PROMPT: In the records that follow, find the line with "Eine Drehschwenkende Luftaufnahme"; from there, retype every line exactly through the line with "Нут замочить на", which also belongs to the answer.

SUPPLIED DATA:
*** Begin section ***
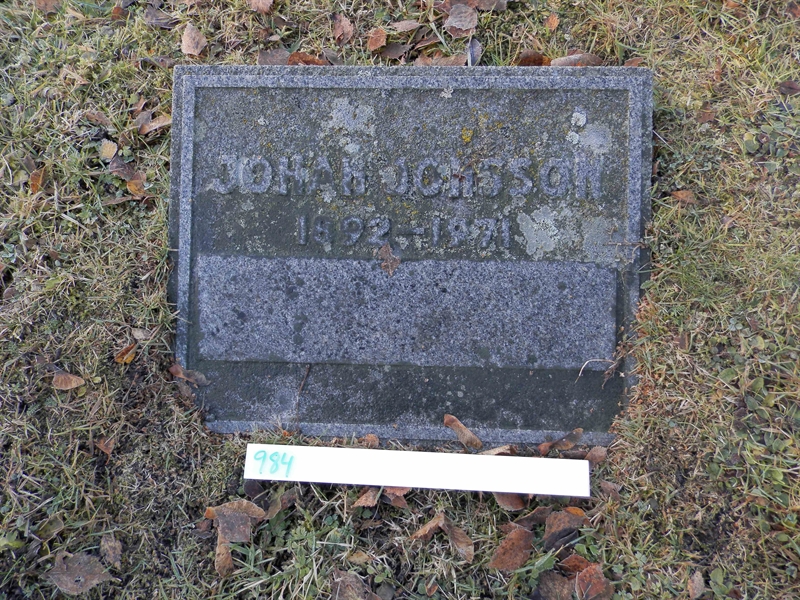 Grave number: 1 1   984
*** End section ***
*** Begin section ***
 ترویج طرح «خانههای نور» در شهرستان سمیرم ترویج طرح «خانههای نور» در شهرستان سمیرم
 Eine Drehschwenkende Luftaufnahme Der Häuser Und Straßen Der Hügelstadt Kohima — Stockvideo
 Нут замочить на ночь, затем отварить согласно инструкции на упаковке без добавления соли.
*** End section ***
TASK SOLUTION:
 Eine Drehschwenkende Luftaufnahme Der Häuser Und Straßen Der Hügelstadt Kohima — Stockvideo
 Нут замочить на ночь, затем отварить согласно инструкции на упаковке без добавления соли.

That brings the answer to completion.